Introduction
This complete Windows application lets you delete all of your pages from your PDF files except for the first one. This is useful for file indexing when the information you want to index is located on the first page. It uses free iTextSharp library.
Using the Code
To use this program, simply select a folder and click Process. The program will delete old PDF files and create a new file in its place with just the first page. It will do the same with each subfolder. Please make sure to BACKUP the old folder!!!
Here is the code:
Private Sub btnFrom_Click(ByVal sender As System.Object, _
ByVal e As System.EventArgs) Handles btnFrom.Click
fldFrom.ShowDialog()
txtFrom.Text = fldFrom.SelectedPath
End Sub
Private Sub btnProcess_Click(ByVal sender As System.Object, _
ByVal e As System.EventArgs) Handles btnProcess.Click
Dim sFromPath As String = txtFrom.Text
If Not Directory.Exists(sFromPath) Then
MsgBox("Folder does not exist")
Exit Sub
End If
txtOutput.Text = ""
txtOutput.Text += "Starting..." & vbCrLf
ProccessFolder(sFromPath)
txtOutput.Text += "Done!"
End Sub
Sub ProccessFolder(ByVal sFolderPath As String)

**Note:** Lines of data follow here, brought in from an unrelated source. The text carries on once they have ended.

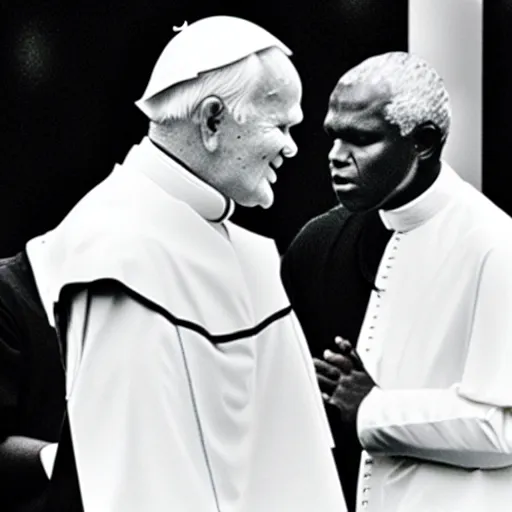 Image similar to John Paul II kneeling on a black person's neck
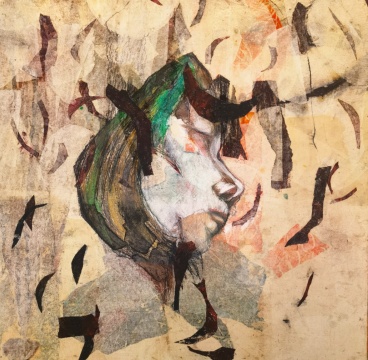 张梦宸《窗前风景之蒲公英》 60×60cm 木板综合材料 2022 张梦宸《窗前风景之蒲公英》 60×60cm 木板综合材料 2022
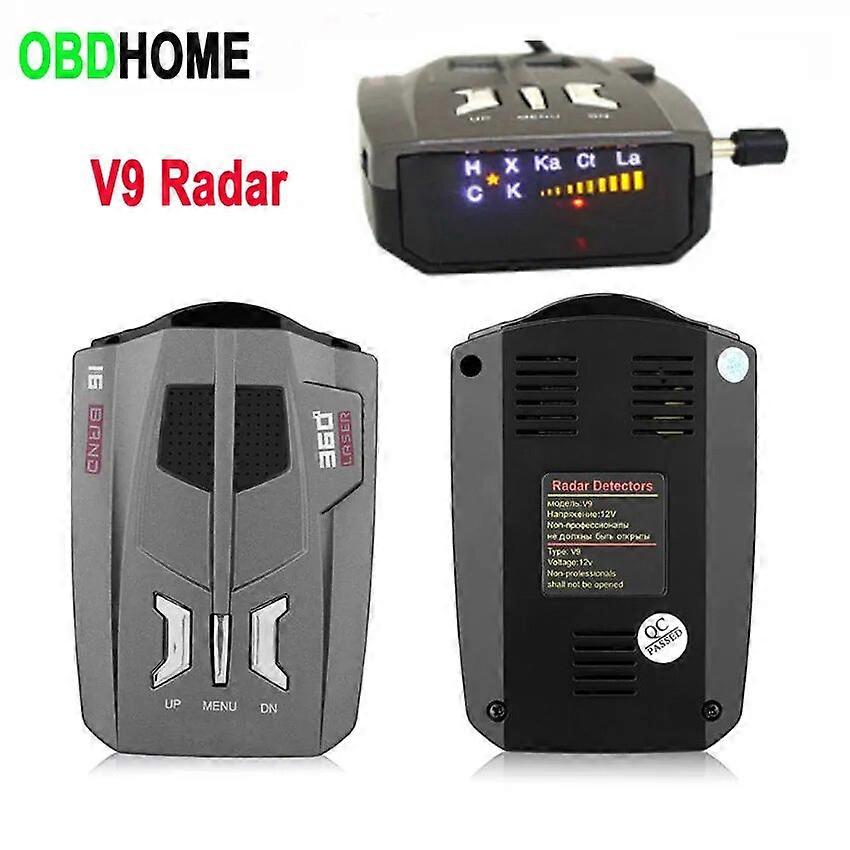 Latest V9 Car Trucker Speed 360 Degrees Vehicle Radar Detector Voice Alert Warning 16 Band Auto LED Display English / Russian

btnProcess.Enabled = False
Dim bOutputfileAlreadyExists As Boolean = False
Dim oFolderInfo As New System.IO.DirectoryInfo(sFolderPath)
txtOutput.Text += "Processing folder: " & sFolderPath & vbCrLf
Dim oFiles As String() = Directory.GetFiles(sFolderPath)
ProgressBar1.Maximum = oFiles.Length
For i As Integer = 0 To oFiles.Length - 1
Dim sInFilePath As String = oFiles(i)
Dim oFileInfo As New FileInfo(sInFilePath)
Dim sOutFilePath As String = sFolderPath & _
"\" & oFileInfo.Name & "_processed.pdf"
Dim sExt As String = UCase(oFileInfo.Extension).Substring(1, 3)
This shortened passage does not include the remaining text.